3.2 Software Interface Description
3.2.1 Operating System
Windows Server 2003 (Win2K3) operating System will be used. The choice of Win2K3 is based its ability to:
- Act as an application server and perform server-oriented functions
- Manage Your Server - a role management administrative tool that allows an administrator to choose what functionality the server should provide
- Capability to host message queues
- Authenticate users
- Serve streaming media
- Share files
- Support Internet Information Services (IIS)
Windows XP Service Pack 2 can also be used.
3.2.2 Database Server
SQL Server 2000 is the high performance relational database system with a rich development environment that suits the purpose.
3.2.3 Development Environment
Microsoft Visual Studio is an Integrated Development Environment from Microsoft and thus works well with Win2K3. It covers such functions as development of console and Graphical User Interface applications along with Windows Forms applications, web applications, web sites and web services for such platforms supported by the .NETFramework. Visual Studio includes a code editor, debugger, forms designer for building GUI applications and web designer. MS Visual Studio 2003 will be used.
3.2.4 Programming Language
LabVIEW is a platform and development environment for a visual programming language from National Instruments. It is a graphical programming language that uses icons instead of lines of text to create applications. It is ideal for test, measurement, data acquisition, instrument control, and industrial automation on a variety of platforms including Microsoft Windows.
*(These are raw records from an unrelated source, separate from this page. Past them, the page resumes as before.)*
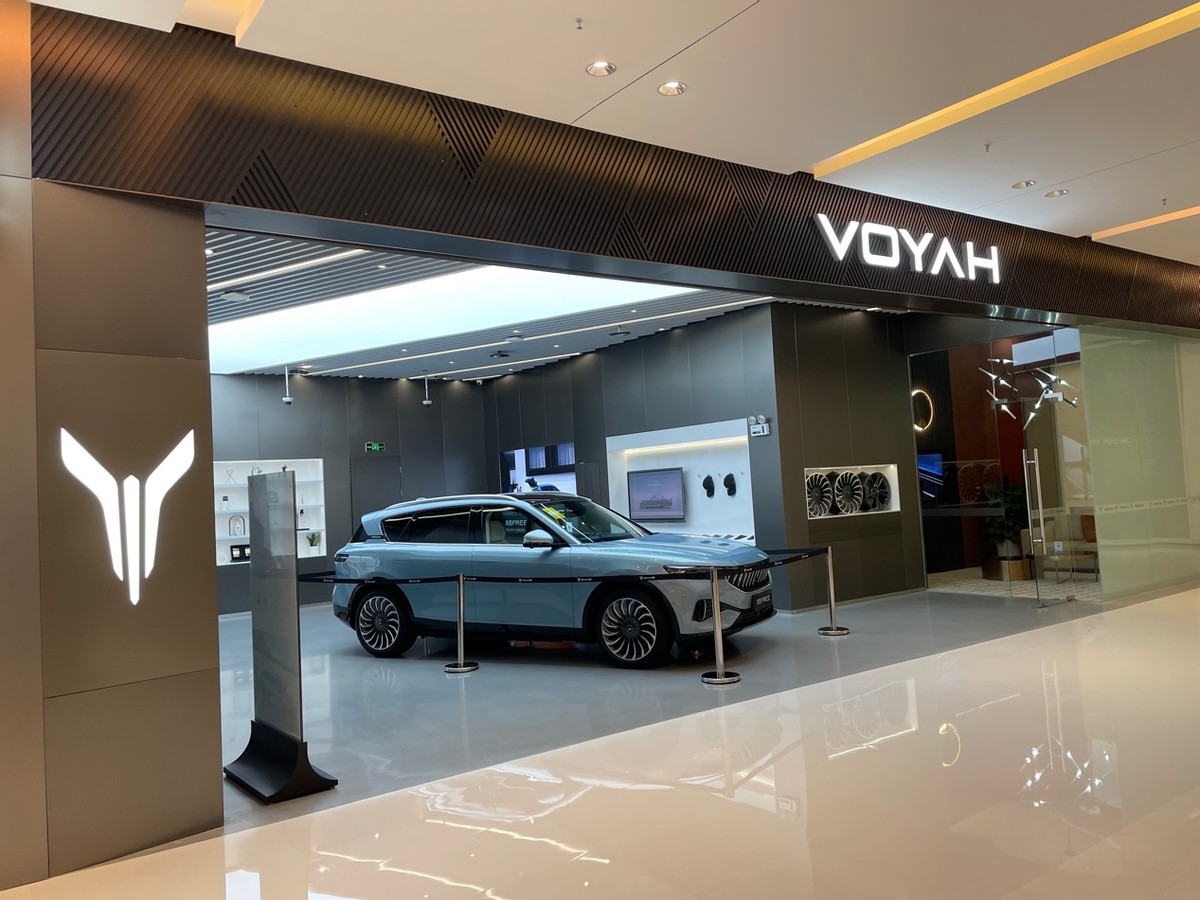 探店岚图空间成都店-新浪汽车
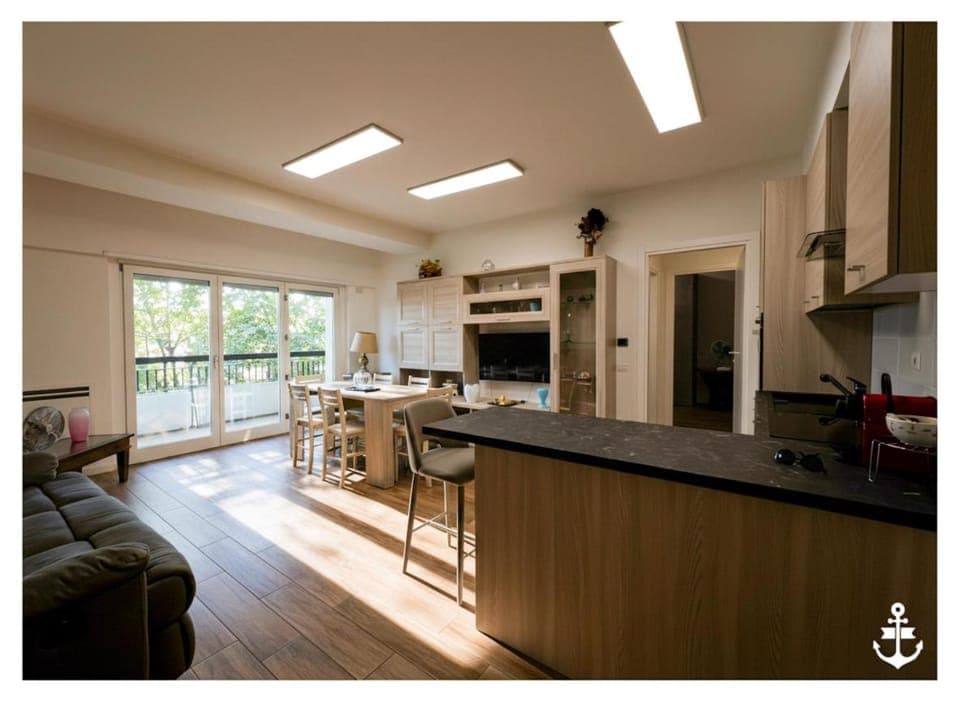 TV and multimedia, Kitchen or kitchenette, Seating area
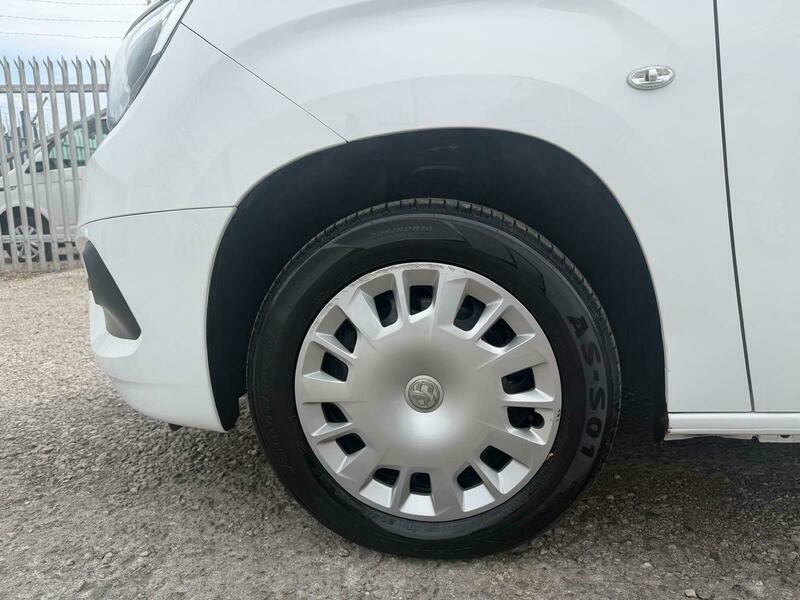 Vauxhall Combo 1.5 Turbo D 2300 Sportive L2 H1 Euro 6  #17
LabVIEW extensively supports access to instrumentation hardware.
3.2.5 Equipment Drivers:
NI ELVISmx drivers will be installed to enable students access all the 12 instruments through the NI-ELVISmx instrument launcher. The FOTEx drivers will avail reach of the modules in the FOTEx.
3.3 Communications Interfaces
3.3.1 Web Browsers
Considering that the system will be built on a Windows platform, the most efficient browsers are Internet Explorer, Mozilla Firefox and Google Chrome.
3.3.2 Application Program Interfaces
DataSocket for LabVIEW supports live data exchange between different applications on one computer or between computers connected through a network. It connects data from a number of sources such as webserver, specifies data location through the use of the URL. The data socket Transfer Protocol connects the data socket application to the datasocket server.